When he was a kid, Young lived just outside New York City, and he accompanied his parents on trips to visit Greenwich Village–a neighborhood rich in gay history and the home of the Stonewall Inn. “I always remember my parents reminiscing about how cool Greenwich Village was when they were young and dating. For me, there was a sense of intrigue and trepidation. I was intrigued because of its heavy gay presence, but I also feared that being in the village would out me,” he says now. “As a teen, to see men walk hand-in-hand down the street and drag queens coming out of their apartment buildings in the middle of the daytime was eye-opening. Here, people could live their lives freely, but at school, I had to avoid being teased at all cost.”
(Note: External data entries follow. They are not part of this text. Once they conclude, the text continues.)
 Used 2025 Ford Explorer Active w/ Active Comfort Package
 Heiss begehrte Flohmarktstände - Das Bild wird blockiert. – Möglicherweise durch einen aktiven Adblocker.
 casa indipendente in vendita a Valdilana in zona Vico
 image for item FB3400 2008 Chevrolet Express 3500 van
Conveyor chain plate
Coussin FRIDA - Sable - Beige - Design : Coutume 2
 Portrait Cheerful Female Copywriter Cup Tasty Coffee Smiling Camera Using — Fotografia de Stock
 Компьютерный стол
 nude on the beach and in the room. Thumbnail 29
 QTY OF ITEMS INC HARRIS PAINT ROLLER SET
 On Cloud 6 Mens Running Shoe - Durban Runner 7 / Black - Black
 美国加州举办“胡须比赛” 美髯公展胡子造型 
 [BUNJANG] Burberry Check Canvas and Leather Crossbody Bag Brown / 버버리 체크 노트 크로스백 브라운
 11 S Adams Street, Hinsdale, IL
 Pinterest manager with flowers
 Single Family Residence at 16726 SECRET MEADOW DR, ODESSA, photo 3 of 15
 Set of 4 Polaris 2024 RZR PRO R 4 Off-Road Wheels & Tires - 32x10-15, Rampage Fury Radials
In some ways, the process of working with the calendars reminded Young of those childhood trips into the city and those many years trying to hide his true feelings. “In certain ways, making this new work feels similar to those days walking down Christopher Street and passing gay bars,” he says. “Watching guys make passes at each other or steal another glimpse of a guy he just passed on the street were all visuals I am integrating into this work.
“It’s about seeing, being seen, wanting to be seen, but at the same time, wanting to remain anonymous and still being somewhat hesitant to reveal one’s true self. Throughout the images in the series, I am able to create visual metaphors of those feelings. Not only does layering of one calendar image over another allows me to play with time and compress it, but it also allows me to visualize the internal push and pull between wanting to be seen and hidden at the same time.”
Another element that intrigued him about this way of working was the idea that nothing he did could be undone. Once a cut was made, it couldn’t be taken back or changed, just like one’s past.
“After culling a large collection of calendars, I decided that I needed to create some parameters for the work,” Young explains. One of his rules: he works with one calendar at a time. “Only images from that twelve-month calendar can be used as one of the layers, and, at this point in time, each image is built from only two images,” the artist explains.
“I like to take quick photos on my iPhone as I build the photographs, and once I have a composition that I like, I tape it all together and then make the final photo. While I am using collage as a technique, I prefer to call them ‘reverse collages’ because I’m more interested in the negative space and shapes that the upper layer creates when laid on top of another month’s image.”
Finally, while Young does use Photoshop to tidy up any distracting scratches and signs of age, he always allows evidence of the cuts to remain. “I want the work to record my physical interaction with the paper,” he says. “When printed large, one really sees the cuts that I’ve made. I like that the work is composed and created on a table rather than digitally in Photoshop–it has a raw and intimate quality that allows the viewer to see my hand in the making of each piece.”
Young doesn’t know the histories behind the former owners of the calendars, but he’s intrigued by the mystery. “When I was little I remember seeing calendars of naked women on the walls in auto repair shops, but the thought of displaying gay calendars on a wall still puzzles me,” the artist admits. “I wonder if gay men actually hung these up on the walls of their homes. What’s even more fascinating to me is that all of the second-hand calendars I’ve purchased are completely blank–no birthday reminders, no doctor appointments, nothing. They are devoid of all personal history.”
I ask him if he can imagine somehow transporting these pictures back in time–so that his younger self could see where he is today. What might they have meant to him? “I would hope they would give my younger self more confidence to accept who he was and be proud and not wait so long to embrace his identity,” he tells me.